Stranger in Your Garden

posted by on May 21 at 12:59 PM

A green-thumbed reader wrote in with this question:

As a regular reader of The Stranger, I have a large stack of old issues laying about my house. I also tend a plot in one of the city’s 50+ P-Patch sites. I was wondering, is the paper on which The Stranger is printed and the ink with which it is printed OK for use in organic gardening as sheet mulch? My understanding that I should try to use newspaper that is printed with soy-based ink for this.

Personally, I’m not that picky about this kind of thing (I’d probably grow “nonorganic” vegetables if it was my own backyard), but I don’t want to break the rules, and I want to be able to make a case to our P-Patch minders that newspaper (or yours at least) is an OK mulch.

Regards, David

I talked to the folks over in Distribution and they assured me the paper is printed with soy-based ink. Hooray! However, newsprint has a tendency to clump and harden when it gets wet, so it is best used in areas where you are blocking things from growing altogether. I have had good luck making newsprint barriers on pathways and in garden beds needing a fresh start. Hope this helps and kudos for gardening organically!

RSS icon Comments

1

Thanks for the response! I'll probably use it in entire sheets (with a large hole cut out around the plant that is being mulched) in order to suppress weed growth and keep the ground moist. My veteran vegetable growing parents suggested this, so I assume they know what they are talking about.

Hopefully, as long as I don't leave the escort ads facing up, it will be fine with the P-patch.

Thanks again!

Posted by David | May 21, 2007 1:23 PM
2

You are not Scully. This is a forgery!

Posted by Specialty's Cafe & Bakery Menu | May 21, 2007 1:27 PM
3

Shall I be first to the obvious Zinger?

Here goes:
"IT'S BETTER AS MULCH THAN AS READING MATERIAL!"

Just out to make the Boss Man Steen proud.

Posted by Ari Spool | May 21, 2007 1:36 PM
4

I have chickens at my place, and I find that old Strangers, passed through a paper shredder, are ideal bedding material. Much cheaper than straw, less dusty than wood shavings, and newsprint covered with chicken shit is amazing worm food. My creatures have never been so happy!

Posted by Gurldoggie | May 21, 2007 2:34 PM
5

If you're trying to kill grass, make sure you put down a LOT, and overlap like crazy. We're killing some grass that way, and although twelve sheets thick was recommended, that's not nearly enough. I would actually use cardboard if I was doing it again, although you lose the mulch aspect -- the idea with newspaper is that once it's all dead you can just turn it into the soil.
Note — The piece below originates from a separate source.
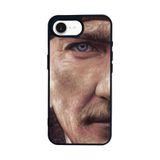 BG AKSESUAR iPhone 16E ile Uyumlu Mustafa Kemal Atatürk Tasarımlı Glossy Premium Kılıf, Siyah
Cardboard we're going to have to pull out of there.

Posted by Fnarf | May 21, 2007 4:52 PM
6

I am far too lazy to pull weeds (I hate grubbing in the dirt!), so I've been using the "bury it" method for years - put down several layers of newspaper, wet it thoroughly, then cover with a couple inches of mulch. I use compost, because it looks nice and enriches the soil. It's the only method that works worth a damn for someone as disinclined to garden as me.

Posted by Geni | May 21, 2007 5:09 PM
7

I did it using full-size newsprint (Thank you Pee-Eye!) several years ago. It does work very well at keeping the weeds from popping up, but also as noted above it won't really compost on its own. You will need to mechanically till it in somehow.

It could be I didn't do it quite right, and/or was misinformed- I put it down right over the weeds, then put black visqueen down over it, weighed down with rocks. Let it sit all year, and next spring expected rich, thick mulch. While the weeds were dead (the black visqueen absorbs light, and gets nasty hot underneath, killing everything), the newspaper sort of just sat there and got a little mushy.

But I tilled it in, and the garden ended up growing very well.